I checked some of my reference books and have diagnosed it as EFB. It said I should feed (which I did start when I left the hive) which would stimulate brood production. This would cause a decrease in the ratio of nurse bees to brood that are overfed to satisfy the demanding appetite of the infected. The infected would get less attention and feed from the nurse bees and the bacteria would not be able to thrive and die. Same could be acheived by simply adding some open brood as a more immediate remedy. I didn't find if I should remove these dead larvae or if it would be safe for the bees to remove them theirselves.?

Thanks, John


----------



## frazzledfozzle (May 26, 2010)

If the lavae are dried up and look like pellets it could just be chalk brood.
are the lave dried up or are they soft?


----------



## HONEYDEW (Mar 9, 2007)

If they are black I don't think they would be chalk brood, when I have had that the brood is white and hard as a rock,,


----------



## Michael Bush (Aug 2, 2002)

Chalk brood actually is both black and white:
http://bushfarms.com/images/Chalkbrood.jpg
http://bushfarms.com/beespests.htm#chalkbrood

The black ones are producing spores. The white ones are not.


----------



## John V (Jun 7, 2010)

Some are small and shriveled, others are larger and black. The larger ones are still very moist and fill the whole cell. They look just like a normal well fed larvae except they are black, some are gray. The smaller shriveled ones don't fill the cells and look like they haven't been fed.

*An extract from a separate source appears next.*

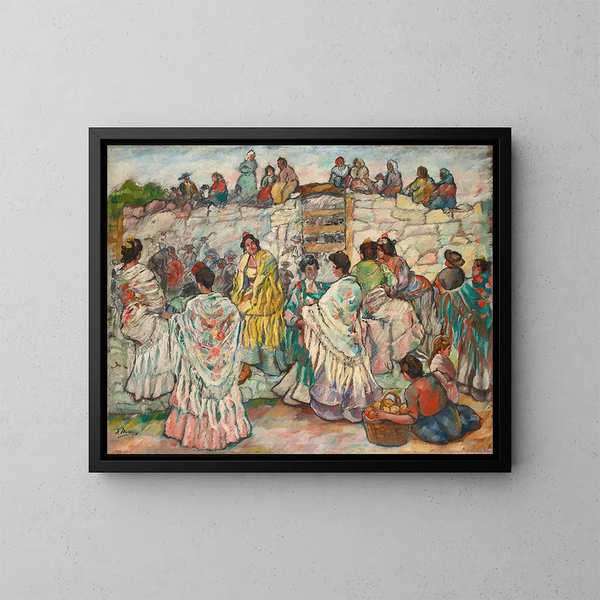 Manolas devant la arène - Francisco Iturrino — framed artwork on a wall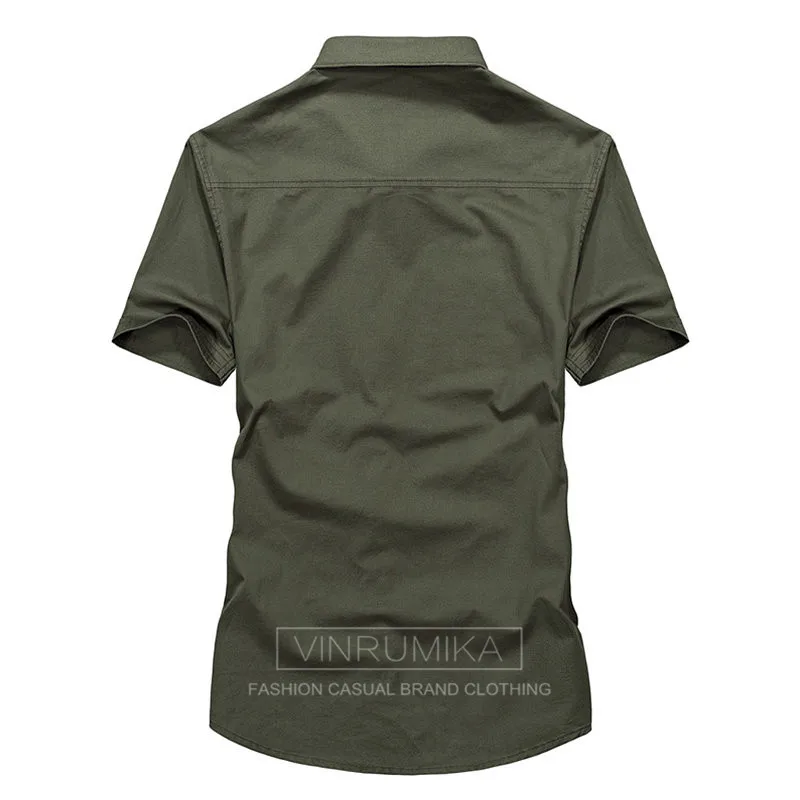 Новый 2018 Европейский мужские летние Военные случайные бренд армия зеленый рубашка человек 100% чистого хлопка цвета хаки с короткими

It's definately European Foul Brood caused by a bacteria the bees pick up and bring back to feed to some larvae. The bacteria grows in the gut and competes with the larvae for food and the nurse bees compensate by overfeeding the larvae which keeps both the larvae and the bacteria alive. The way to fight it naturally is to decrease the amount of nurse bees and increase the amount of brood. This way the nurse bees begin selective feeding of the healthiest larvae and the infected larvae eventually are overtaken by the bacteria. At this point the the nurse bees no longer feed and the bacteria dies. This bacteria is not mobile, spreading, or spore forming like some of the other diseases so it stays fairly well in check and the bees eventually sort it out. I couldn't find any information if I should remove the infected or let the bees do it so I'm just going to let the bees do what bees do and see how they handle it. It will also depend on how hygenic the queen is, so I'll just have to wait and see. I think the smaller shriveled larvae haven't been fed for a reason and perhaps it's because the bees are already taking care of things the way they are suppose to.

Thanks, John


----------



## BEES4U (Oct 10, 2007)

Monday, June 06, 2011
Here's a good URL for you on EFB & AFB with field diagnostic tests and images.


----------



## HONEYDEW (Mar 9, 2007)

Url ????


----------



## Ted Kretschmann (Feb 2, 2011)

EFB can be a very pesky brood disease to get rid of. In the very old days, it was and was considered worse than AFB, A little terrimyicin with powdered sugar applied every seven days for three weeks will control and get rid of it. Unlike AFB, EFB is non spore forming and the antibiotics will get rid of it. In severe cases, treatment should be the same as AFB-fire..... You will see EFB more often in cool, damp, type springs, when the bees are struggling to build up. So, a little feed along with the antibiotic therapy will clean it up nicely. If you start to smell a rotten fish smell when you open the colony ,then it is too late to do anything but burn it. TED


----------



## John V (Jun 7, 2010)

I have also read that a hygenic queen will help solve the problem. Any truth to it? Could I swap queens with a hive that didn't show symtoms? I'd really hate to lose this queen as she is a laying machine, but thats not worth the disease. 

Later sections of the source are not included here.